ANYWAY, no biggie. this stuff happens. I just want to shoot out my plan and ask you guys for feedback as to weather or not it's a sound plan. 
Simple, run 1". Pull #6's. (already did my voltage drop calc. I'm good.) install a 30 amp breaker at the panel, install a fusible 60amp disco at the unit and fuse it for 30. What do you guys think. That way, whatever happens I can make easy changes.


----------



## Hippie (May 12, 2011)

Put a 60 in the panel and fuse the disco at 30 if needed. Would save replacing both.


----------



## BBQ (Nov 16, 2010)

To help you do that ...

http://www.cooperindustries.com/con...rces/Data Sheets/Bus_Ele_DS_1118_Reducers.pdf


----------



## John (Jan 22, 2007)

Hippie said:


> Put a 60 in the panel and fuse the disco at 30 if needed. Would save replacing both.


I would go with a 60 amp sup panel....Then insert the proper circuit breaker.

They may want a single pole 120v circuit:whistling2:


----------



## glen1971 (Oct 10, 2012)

Hippie said:


> Put a 60 in the panel and fuse the disco at 30 if needed. Would save replacing both.

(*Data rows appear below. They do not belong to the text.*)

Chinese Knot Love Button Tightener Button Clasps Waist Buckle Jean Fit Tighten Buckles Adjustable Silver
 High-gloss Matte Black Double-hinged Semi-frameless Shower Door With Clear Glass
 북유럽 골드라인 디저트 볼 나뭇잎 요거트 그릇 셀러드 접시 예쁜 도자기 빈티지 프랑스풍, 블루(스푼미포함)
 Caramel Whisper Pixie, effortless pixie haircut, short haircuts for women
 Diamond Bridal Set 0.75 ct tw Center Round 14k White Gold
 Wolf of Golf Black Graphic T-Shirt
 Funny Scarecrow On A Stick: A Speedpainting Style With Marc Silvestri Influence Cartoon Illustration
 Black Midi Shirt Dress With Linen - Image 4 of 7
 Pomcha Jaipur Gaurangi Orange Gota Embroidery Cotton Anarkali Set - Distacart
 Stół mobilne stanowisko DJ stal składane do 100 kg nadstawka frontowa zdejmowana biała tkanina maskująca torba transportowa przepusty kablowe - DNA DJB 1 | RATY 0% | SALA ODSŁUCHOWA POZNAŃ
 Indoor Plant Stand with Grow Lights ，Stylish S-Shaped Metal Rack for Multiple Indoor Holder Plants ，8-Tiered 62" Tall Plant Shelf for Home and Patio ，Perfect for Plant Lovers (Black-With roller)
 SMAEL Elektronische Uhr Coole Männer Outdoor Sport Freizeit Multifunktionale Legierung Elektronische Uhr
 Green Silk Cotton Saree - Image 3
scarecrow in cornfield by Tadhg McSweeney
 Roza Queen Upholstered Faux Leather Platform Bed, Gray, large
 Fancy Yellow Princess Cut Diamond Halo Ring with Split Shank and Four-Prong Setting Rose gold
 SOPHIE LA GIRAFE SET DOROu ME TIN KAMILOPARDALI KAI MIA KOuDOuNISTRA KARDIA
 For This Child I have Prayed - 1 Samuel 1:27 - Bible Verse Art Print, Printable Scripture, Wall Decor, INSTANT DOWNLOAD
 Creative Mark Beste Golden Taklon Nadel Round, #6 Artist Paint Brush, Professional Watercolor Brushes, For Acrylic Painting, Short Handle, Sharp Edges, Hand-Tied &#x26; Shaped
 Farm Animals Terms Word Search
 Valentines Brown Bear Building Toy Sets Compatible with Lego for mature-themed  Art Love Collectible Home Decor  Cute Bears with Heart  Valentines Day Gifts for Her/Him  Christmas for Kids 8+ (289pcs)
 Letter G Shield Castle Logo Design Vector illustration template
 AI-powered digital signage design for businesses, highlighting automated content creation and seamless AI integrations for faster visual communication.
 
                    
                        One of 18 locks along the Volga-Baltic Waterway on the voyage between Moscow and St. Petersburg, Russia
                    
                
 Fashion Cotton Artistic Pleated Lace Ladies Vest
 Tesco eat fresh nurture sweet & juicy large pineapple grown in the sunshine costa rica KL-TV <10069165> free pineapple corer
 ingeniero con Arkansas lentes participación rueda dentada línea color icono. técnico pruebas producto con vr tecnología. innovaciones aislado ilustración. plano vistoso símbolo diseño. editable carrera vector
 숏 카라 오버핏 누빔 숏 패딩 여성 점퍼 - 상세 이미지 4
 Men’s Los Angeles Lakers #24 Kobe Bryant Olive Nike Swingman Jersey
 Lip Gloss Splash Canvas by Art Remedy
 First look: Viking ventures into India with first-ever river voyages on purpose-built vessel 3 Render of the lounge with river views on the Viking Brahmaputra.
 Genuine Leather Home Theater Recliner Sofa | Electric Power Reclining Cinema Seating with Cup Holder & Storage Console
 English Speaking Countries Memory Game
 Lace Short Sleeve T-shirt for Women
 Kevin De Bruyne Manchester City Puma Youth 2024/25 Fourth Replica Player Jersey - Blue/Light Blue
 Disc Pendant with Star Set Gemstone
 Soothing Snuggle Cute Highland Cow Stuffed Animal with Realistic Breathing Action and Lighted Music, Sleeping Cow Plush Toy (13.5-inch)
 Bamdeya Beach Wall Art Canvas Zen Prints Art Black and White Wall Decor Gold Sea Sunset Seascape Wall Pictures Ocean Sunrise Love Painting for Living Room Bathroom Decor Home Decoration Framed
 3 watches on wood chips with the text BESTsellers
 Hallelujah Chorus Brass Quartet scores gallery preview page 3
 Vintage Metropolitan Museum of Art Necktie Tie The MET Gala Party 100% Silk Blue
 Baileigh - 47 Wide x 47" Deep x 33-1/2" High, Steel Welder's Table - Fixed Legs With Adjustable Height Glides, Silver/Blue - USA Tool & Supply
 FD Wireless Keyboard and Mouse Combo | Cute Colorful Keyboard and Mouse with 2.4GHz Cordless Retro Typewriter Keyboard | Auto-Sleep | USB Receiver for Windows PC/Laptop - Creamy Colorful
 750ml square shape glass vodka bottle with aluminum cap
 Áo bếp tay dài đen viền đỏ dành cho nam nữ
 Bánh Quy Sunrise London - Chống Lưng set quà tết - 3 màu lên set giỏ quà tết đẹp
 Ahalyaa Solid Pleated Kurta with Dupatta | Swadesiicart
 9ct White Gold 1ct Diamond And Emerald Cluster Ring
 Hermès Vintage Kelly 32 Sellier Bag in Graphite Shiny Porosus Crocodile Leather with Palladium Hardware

Just make sure that the disconnect is rated at 60 amps and install 30 amp fuses...


----------



## ampman (Apr 2, 2009)

John said:


> I would go with a 60 amp sup panel....Then insert the proper circuit breaker.
> 
> They may want a single pole 120v circuit:whistling2:


they would need a xfmr also


----------



## John (Jan 22, 2007)

ampman said:


> they would need a xfmr also


Misread the op.....have 208 stuck in my head from working with it all day:whistling2:


----------



## A Good Electrician (May 29, 2011)

Thank you sir. will do.


----------



## ampman (Apr 2, 2009)

John said:


> Misread the op.....have 208 stuck in my head from working with it all day:whistling2:


i know what you mean brother


----------



## John (Jan 22, 2007)

ampman said:


> i know what you mean brother


Will have 208v dancing on the brain all.....night.......long.:laughing:


----------